E’ stato, in qualche modo, il grande protagonista di questo Festival di Sanremo 2021 ma, alla viglia della finalissima, Irama è anche uno degli artisti più quotati per un ottimo piazzamento in classifica con ‘La genesi del tuo colore’. Lo abbiamo contattato per farci raccontare come sta vivendo questa sua “strana” avventura sanremese, la sua canzone ed i sogni che ancora tiene nel cassetto per questo suo nuovo progetto musicale.

Ciao Filippo, bentrovato. Senza girarci troppo intorno, quello che stiamo vivendo da un anno a questa parte è una situazione assurda, ciò che ti è capitato è figlio di tutto questo. Quali stati d’animo stai provando da casa?

«Stati d’animo contrastanti, è una continua altalena per quanto riguarda gli umori, le emozioni e le sensazioni. Tutto continua a variare molto velocemente diciamo».

Prima del Festival avevi definito questo brano un inno alla vita, alla sua imprevedibilità. In una situazione atipica come questa, l’affetto e il sostegno delle persone rappresentano la scintilla in grado di far scoppiare il tuo di colore? 

«Assolutamente sì, l’imprevedibilità è un fattore predominante della canzone, ma non solo, purtroppo anche di questa situazione. Oggi ne sono completamente in balia, mi sto facendo governare dall’inaspettato, affinché possa scoppiare il colore e lasciar parlare la musica al mio posto. E’ incredibile come questa canzone assuma un senso ancora più forte, ancora più attuale».

A proposito del sostegno unanime da parte dei tuoi colleghi e delle altre etichette, immagino siano cose che fanno sempre piacere, nemmeno poi così scontate, no?

«Sai, alla fine mi sono trovato in una situazione strana perchè non c’entravo niente, sono stato escluso per causa di forza maggiore, per una questione che non dipendeva da me. In più sto benissimo, se avessi la possibilità salire su quel palco senza problemi. Sono riconoscente dell’amore che ho ricevuto e che continuerò a restituire. Però, oggi si sottolinea una cosa buona come se fosse un’azione non scontata. Secondo me, in generale, dovremo ambire tutti alla bontà. Sono contento di essere stato riaccolto con affetto dagli altri ragazzi, da Amadeus e dalla Rai. Mi hanno teso tutti la mano e questa cosa mi riempie il cuore, ma non ne sono sorpreso, perchè confido sempre nella generosità delle persone».
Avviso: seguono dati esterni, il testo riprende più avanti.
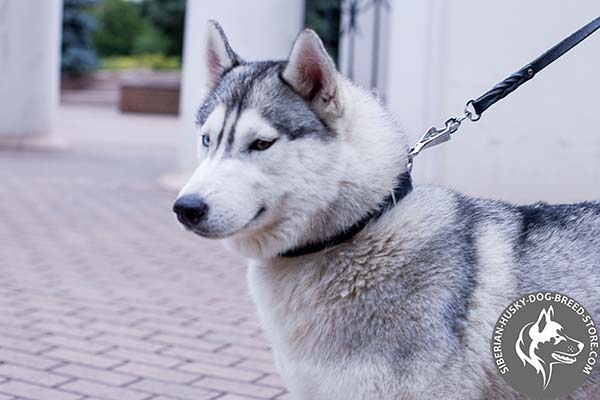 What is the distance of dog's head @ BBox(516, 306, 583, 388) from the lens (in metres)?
2.92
Al di là della possibilità di vincere, ti auguro di avere la possibilità di rappresentare l’Italia all’Eurovision, per due ragioni: la tua canzone è la più internazionale e, poi, sarebbe un bel riscatto per portare in scena la tua performance dal vivo. E’ un palco che ti piacerebbe calcare?
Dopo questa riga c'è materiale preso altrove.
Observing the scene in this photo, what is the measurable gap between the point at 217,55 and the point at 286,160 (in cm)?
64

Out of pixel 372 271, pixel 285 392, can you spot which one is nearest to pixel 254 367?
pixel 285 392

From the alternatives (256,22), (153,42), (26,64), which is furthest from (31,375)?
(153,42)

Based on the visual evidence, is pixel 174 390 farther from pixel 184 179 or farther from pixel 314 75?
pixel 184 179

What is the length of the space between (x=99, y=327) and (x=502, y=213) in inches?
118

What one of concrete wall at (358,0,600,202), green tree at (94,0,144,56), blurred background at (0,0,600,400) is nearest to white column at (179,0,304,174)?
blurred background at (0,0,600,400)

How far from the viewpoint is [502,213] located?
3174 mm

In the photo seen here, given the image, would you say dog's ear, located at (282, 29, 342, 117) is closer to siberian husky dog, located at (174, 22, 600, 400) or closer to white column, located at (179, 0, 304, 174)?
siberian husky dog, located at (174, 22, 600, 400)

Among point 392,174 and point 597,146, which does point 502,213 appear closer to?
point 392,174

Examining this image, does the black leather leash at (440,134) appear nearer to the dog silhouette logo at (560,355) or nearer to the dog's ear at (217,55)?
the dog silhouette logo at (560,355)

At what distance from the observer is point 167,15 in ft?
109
«Ti ringrazio per le belle parole. Sarebbe un sogno incredibile, come dici tu, un’occasione per portare la mia performance dal vivo e spaccare ancora di più! E’ un palco che mi affascina parecchio, sul quale penso sia importante esprimere il proprio potenziale culturale, ovvero mostrare le fondamenta che ci identificano agli occhi dell’Europa e non slo. Siamo la culla della civiltà e questo va sottolineato, anche utilizzando in caso altre lingue. Distruggere la tua cultura è un male, poterla raccontare a tutto il mondo è un bene».

Per concludere, hai dichiarato di sentirti orgoglioso de “La genesi del tuo colore” perchè mescola l’energia di un pezzo uptempo con la profondità del messaggio contenuto nel testo. Pensi sia stata recepita in egual misura questa duplice funzione?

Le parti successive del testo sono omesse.